Said stress of the central cross-section 2 3 ^{e is} theoretically spatial or multiaxial, but a detailed analysis of the stress of the surroundings of this cross-section implies that it is unequivocally predominant in torsional stress, characterized by the generally known torsion modulus or torsional cross-section W. tau, where M denotes the torque or torsion moment as the external effect of the cross-section load and tau represents the torsional stress of the material in the cross-section as an internal reaction to the external load from moment M.

The dimensional unit of the torsional cross-sectional module W is [m ³ J, which means that its value is defined by the length dimensions of the cross-section or its shape and size. The optimal increase in depth 11 of the dovetail recess 10 on the fork 4 of the spindle head 2 is that the torsion modulus of the smallest cross section of the fork 4 with the deepened dovetail 10 is at most the torsion modulus of the central cross section 2 ^with one pair of parallel radial lubrication holes. .

In the described embodiment of the spindle 2 shown in FIG. 1, said smallest cross-section of the fork 4 is a cross-section 18 extending from the center of the articulated connector perpendicular to the axis of the spindle 7 and perpendicular to the control line of the conical surface 19.

In the case of the head 2 ^{3e, the} smallest cross section of the fork 4 identical to its central cross section 2 · The essence of the defined range of the dovetail depression 10 by the torsion cross-sectional module is that the nominal permissible spindle load 2 does not change. due to otherwise necessary radial lubrication holes.

The effect of the notch effect of the depressed dovetail 10 on the service life of the spindle 2 is negligible, since the initial state of the fork 6 is already loaded with this effect. Equivalent effects are achieved by radial lubrication holes on the spindle head 2 ^from the motor side.

Short axial inlet lubrication holes 16 on the spindle head 2 do not increase its relative diameter, which has a positive effect on the lower displacement P2 of the spindle 6 and on the reliability of lubrication of the articulated coupling.

From the radial lubrication holes 9 in the full part of the spindle head 2 with sealed plugs 20, the axial holes 17 in the vicinity of the spindle axis 2 terminate, which serve to connect the known flexible leads to the lubricant supply segments 2h between the joint faces.

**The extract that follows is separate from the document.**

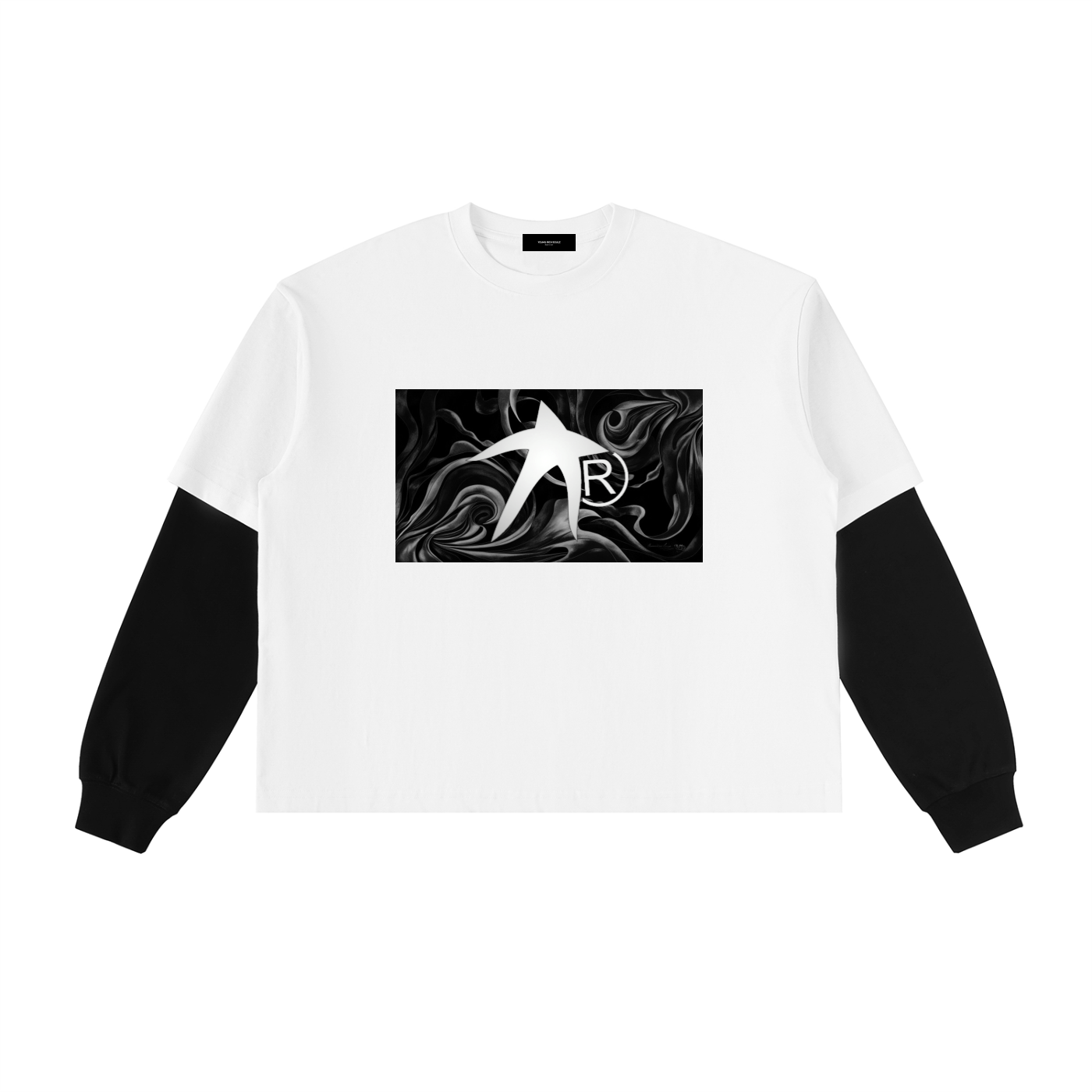 Layered Contrast Sleeve Cotton T-Shirt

The invention does not change if the radial lubrication holes 2 are continuous or each aperture 2 has a final length 21 near the axial holes 17. The invention does not change if the radial lubrication holes 2 are perpendicular to the axis of the spindle 2 or inclined to the axial holes 17 s any conical surfaces 22 of the spindle head 2 or 3 and a finite length 23.

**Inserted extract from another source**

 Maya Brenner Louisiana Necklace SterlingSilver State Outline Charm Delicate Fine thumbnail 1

The subject invention does not change if the radial lubrication holes 2 are oriented perpendicularly to the axis of the spindle 2 ^not bo are angled to the axial openings 17 at an angle with a value of 45 ° and a final length of 23 in the vicinity of the axial bores 17th

Claims (1)

SUBJECT OF THE INVENTION The articulated coupling spindle, in particular for heavy metallurgical rolling mills, constituting the main member of these couplings further comprising, in the basic embodiment, segments each axially supported by its shoulder collar in a cylindrical dovetail of corresponding side forks to provide the spindle heads at its end portions and torque segments, wherein the centering of each articulated coupling with the adjacent part of said device is, by means of a pin disposed at its ends in the middle of the segments and forming segments and a slotted pin cube, the actual articulated joint, the spindle head (2) on the driven side is provided with at most two pairs of radial lubrication holes (9) in the full part of the head (2, 3) with at most two pairs of axial outlets (17) around the spindle axis (1) and / 10 / v of both forks (4) heads (2, 3) for axially receiving segments (5) with corresponding widths of their shoulder collars (12), the value of the torsion modulus of the smallest fork cross-section (4) with deepened dovetail (10) being at most of central cross section (8) fork (4) with one pair of parallel radial lubrication holes and without deepened dovetail (10).